# ðŸŽ“ Notebook 09: Semantic Chunking (High Precision)

Traditional chunking (like fixed-size windows) often breaks context in the middle of a sentence or a logical thought. **Semantic Chunking** uses AI to find the "natural breaks" in a document.

### Learning Objectives:
1. Understand the limitations of fixed-size chunking.
2. Implement a **Similarity-Based Splitter** from scratch.
3. Compare Semantic vs. Fixed chunking results.

In [None]:
from typing import List
import numpy as np
from src.core.bootstrap import get_container
from src.application.services.chunking import count_tokens

container = get_container()
embedder = container["embeddings"]

## 1. The Strategy: Sentence Similarity

We split the text into sentences, embed them, and then calculate the "distance" between adjacent sentences. When the distance crosses a threshold, we know the topic has changed.

In [None]:
def cosine_similarity(a, b):
    return np.dot(a, b) / (np.linalg.norm(a) * np.linalg.norm(b))

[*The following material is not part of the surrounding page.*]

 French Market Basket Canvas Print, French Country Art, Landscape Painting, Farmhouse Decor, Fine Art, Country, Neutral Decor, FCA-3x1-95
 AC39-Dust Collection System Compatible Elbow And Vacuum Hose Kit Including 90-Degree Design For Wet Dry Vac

def semantic_split(text: str, threshold: float = 0.8):
    # 1. Split into sentences (simple split for demo)
    sentences = [s.strip() for s in text.split('.') if len(s.strip()) > 10]
    
    # 2. Embed sentences
    embeddings = [embedder.embed_one(s) for s in sentences]
    
    chunks = []
    current_chunk = [sentences[0]]
    
    for i in range(len(sentences) - 1):
        sim = cosine_similarity(embeddings[i], embeddings[i+1])
        
        if sim < threshold:
            # Topic shift detected!
            chunks.append(". ".join(current_chunk) + ".")
            current_chunk = [sentences[i+1]]
        else:
            current_chunk.append(sentences[i+1])
            
    chunks.append(". ".join(current_chunk) + ".")
    return chunks

## 2. Live Test

Notice how the semantic chunker groups the sentences by theme rather than character count.

In [None]:
sample_text = """
The sun is a star at the center of the solar system. It is a nearly perfect sphere of hot plasma.
Quantum mechanics is a fundamental theory in physics. It describes the physical properties of nature at the scale of atoms.
Baking a cake requires flour, eggs, and sugar. You must preheat the oven to 350 degrees.
"""

semantic_chunks = semantic_split(sample_text, threshold=0.6)

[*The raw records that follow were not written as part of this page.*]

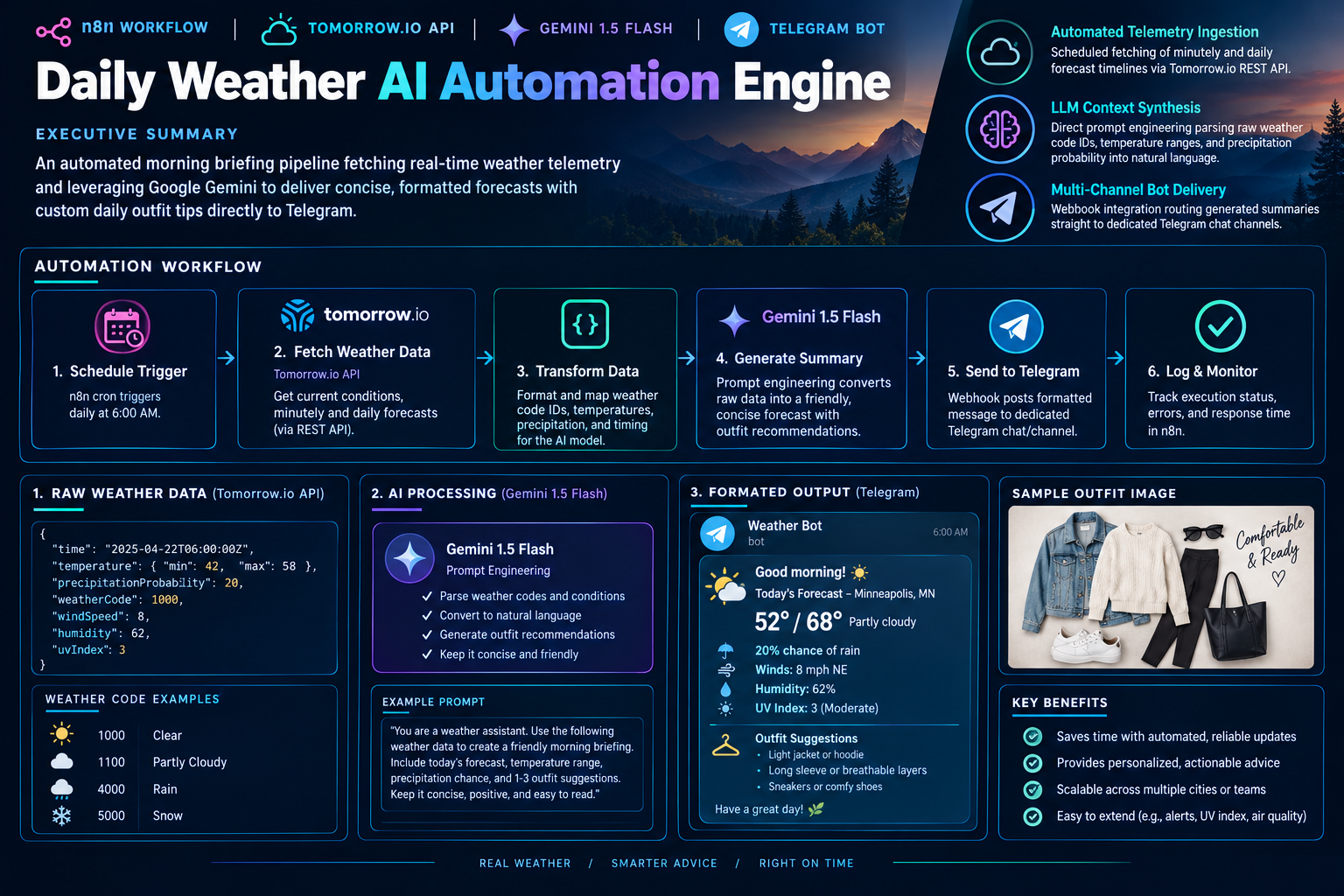 Daily Weather AI Automation Architecture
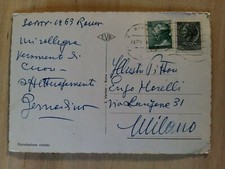 BERNARDINO PALAZZI  / cartolina autografa per ENZO MORELLI - 1963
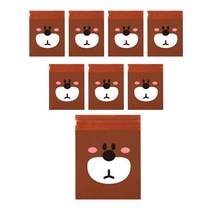 어반카 애니멀 차량용 쓰레기봉투 120매, 곰, 8개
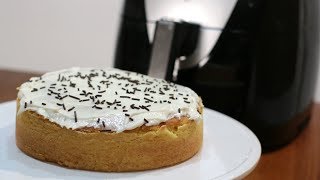 How to Make a Cake in Air Fryer  Easy Air Fryer Cake [upl. by Aizirtap522]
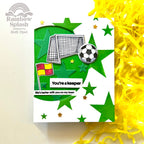 Rainbow Splash Clear Stamps Soccer rs115c Love Card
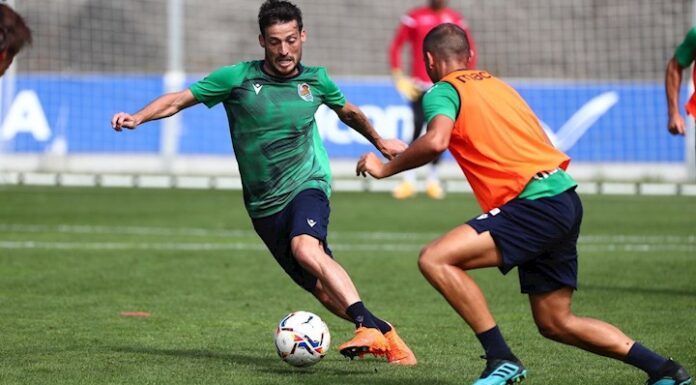 David Silva supera el covid-19 y completa su primer entrenamiento con la Real
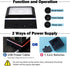 IFOLAINA Multicolor LED Light Base Show Stand, Square Display Plate, 9 Lighting Modes for 3D Crystal Art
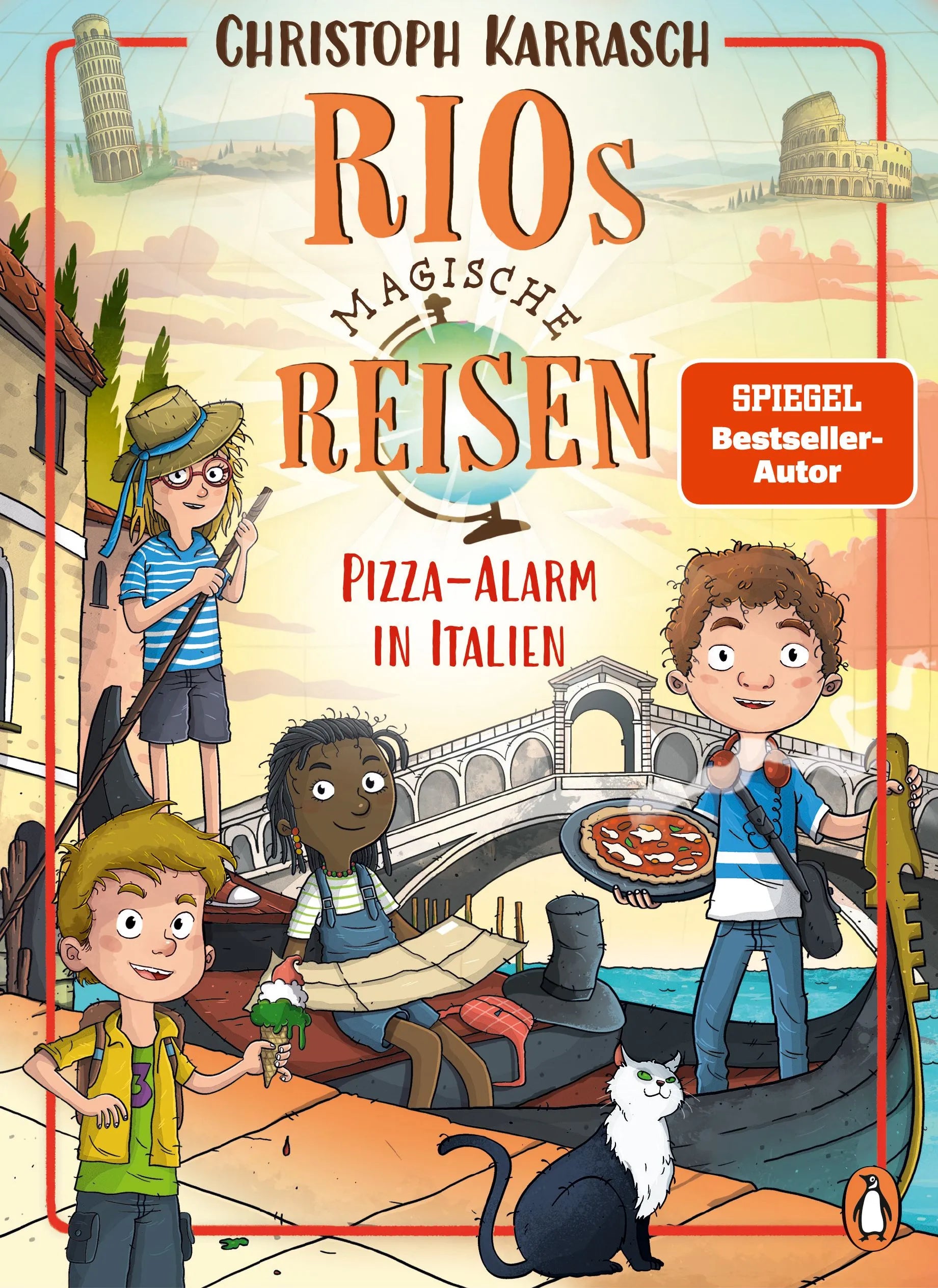 Cover: Rios magische Reisen - Pizza-Alarm in Italien (E-Book) von Christoph Karrasch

for i, chunk in enumerate(semantic_chunks):
    print(f"--- Chunk {i+1} ---")
    print(chunk)
    print("\n")

## 3. Why this matters for RAG

By keeping semantically related sentences together:
1. **Better Retrieval**: The vector for the chunk is more "focused."
2. **Lower Costs**: You don't retrieve irrelevant half-sentences from adjacent topics.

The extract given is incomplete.